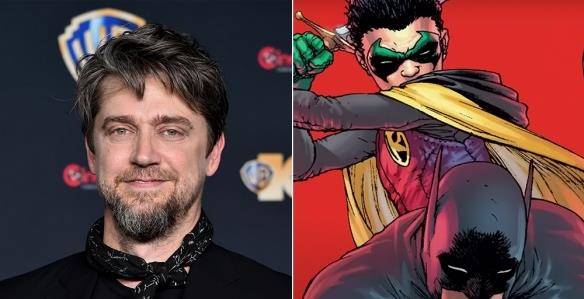 导演安德斯·穆斯切蒂确认执导《蝙蝠侠:英勇无畏》_达米安·韦恩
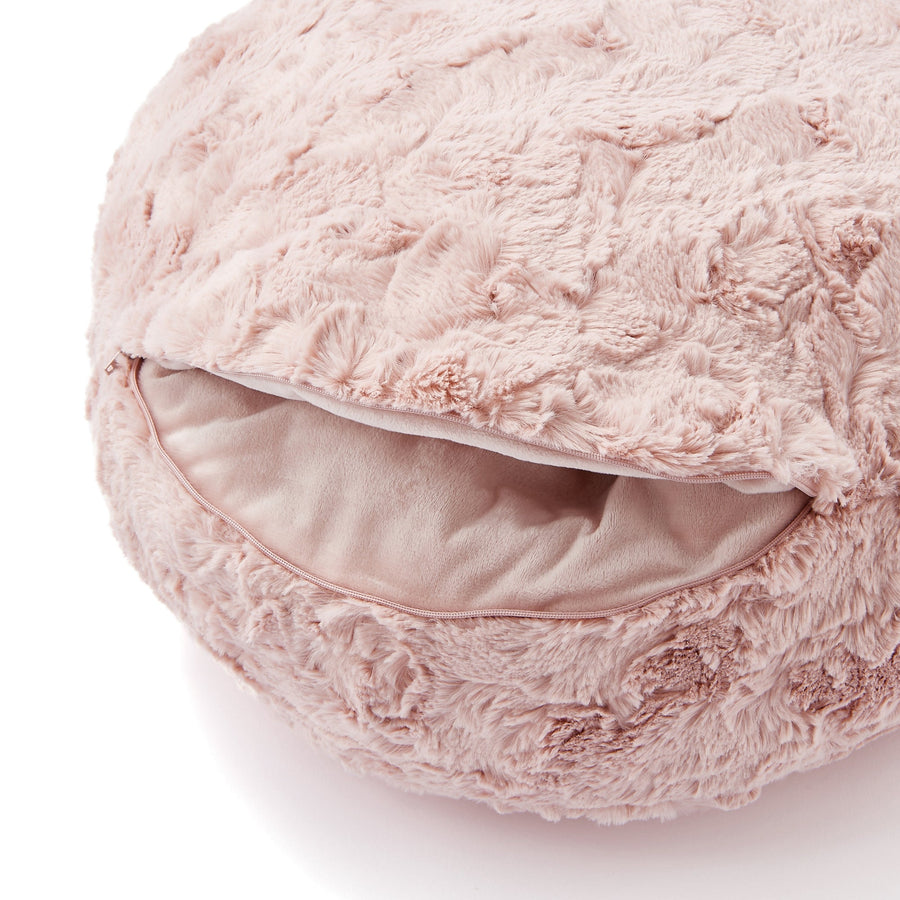 WARMY Bottine Warm Hand and Foot Cushion Pink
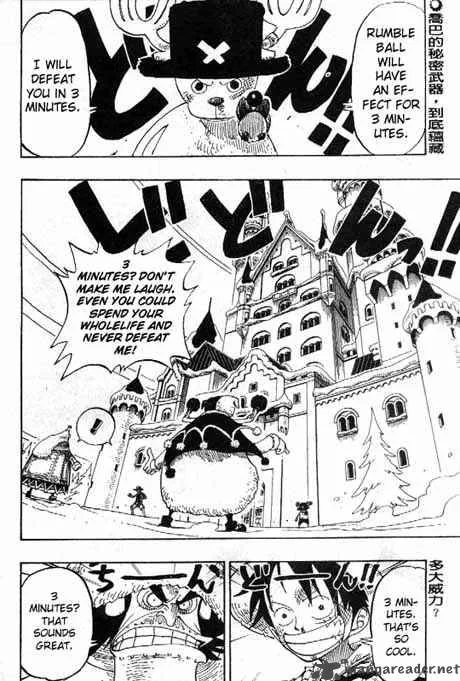 One Piece Chapter 149: Rumble – Page 2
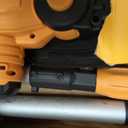 20" Pole Hedge Trimmer Cordless (No Battery) Compatible with Dewalt 20V Max Battery, Extension Pole with 15.7 FT Reach, Hedge Trimmer with 150° Adjustable Head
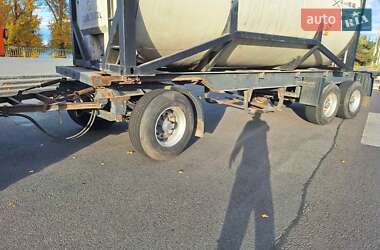 Контейнеровоз Schmitz Cargobull BPW 2004 в 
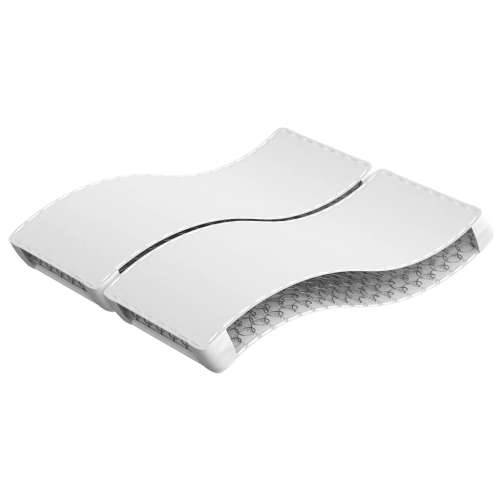 Madrac s oprugama bonnell srednji 160 x 200 cm - 160 x 200 cm 1 Cijena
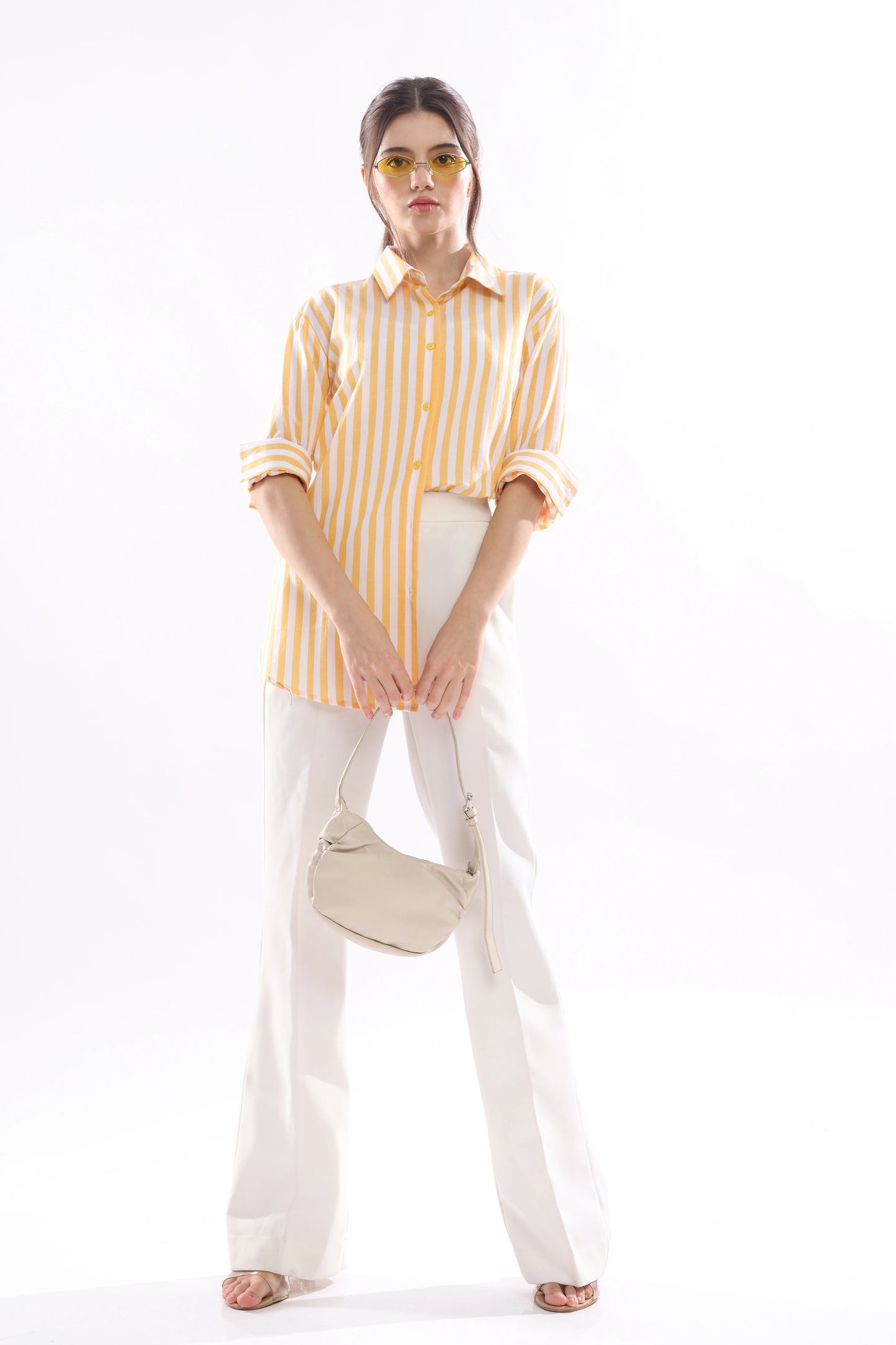 Sunbeam Stripes Shirt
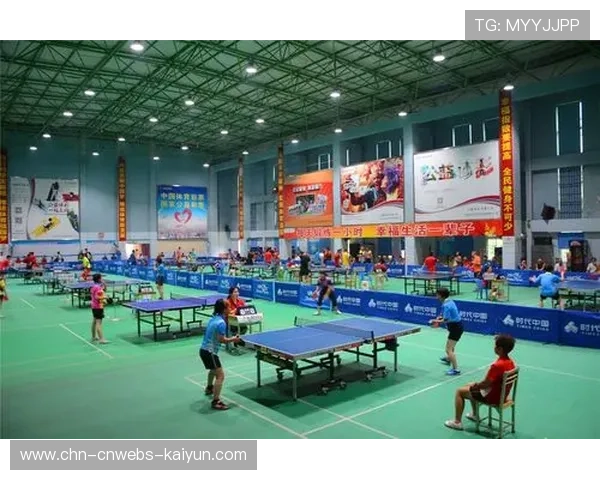 大良街道联赛将扩展至乒乓球，构建全年体系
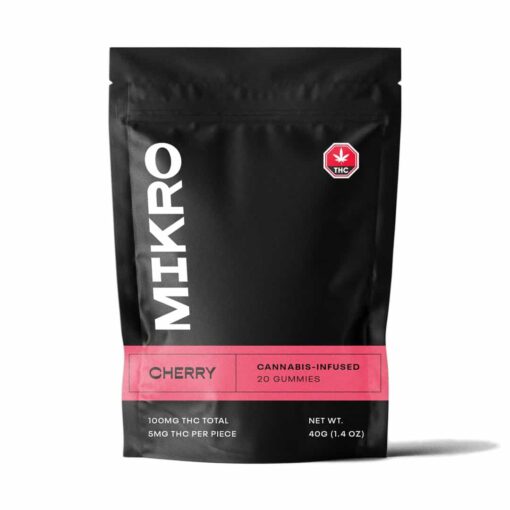 Cherry - 100MG THC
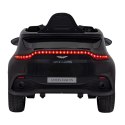 Aston Martin DBX na LIcencji 4 Silniki 12V Ekoskóra Piankowe Koła Czarny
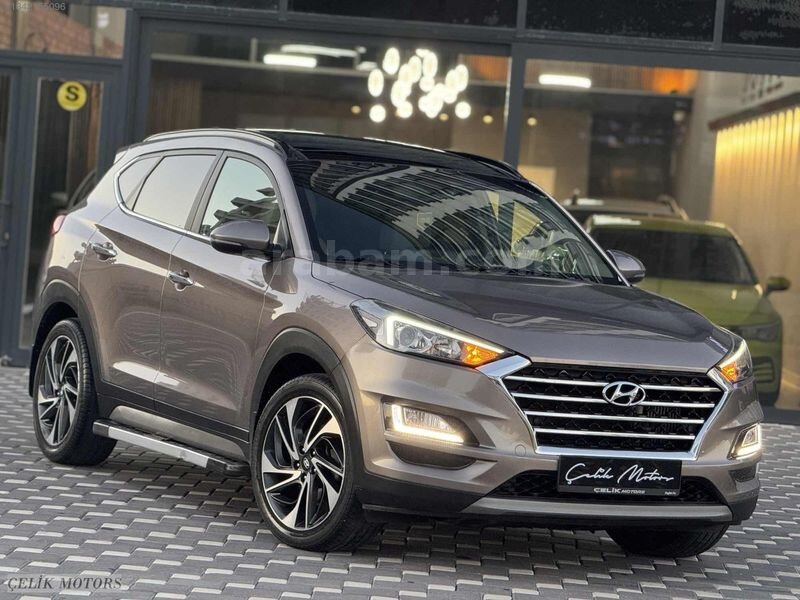 HATASIZ BOYASIZ 2021 ÇIKIŞLI 4X4 ELİTE 144 BİN KM BAKIMLI TUCSON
⁂
The required output is every line from the one containing "Cherry - 100MG THC" through the last line of the records, inclusive, reproduced exactly and without pictures.

SOLUTION TO THIS PROBLEM
 Cherry - 100MG THC
 Aston Martin DBX na LIcencji 4 Silniki 12V Ekoskóra Piankowe Koła Czarny
 HATASIZ BOYASIZ 2021 ÇIKIŞLI 4X4 ELİTE 144 BİN KM BAKIMLI TUCSON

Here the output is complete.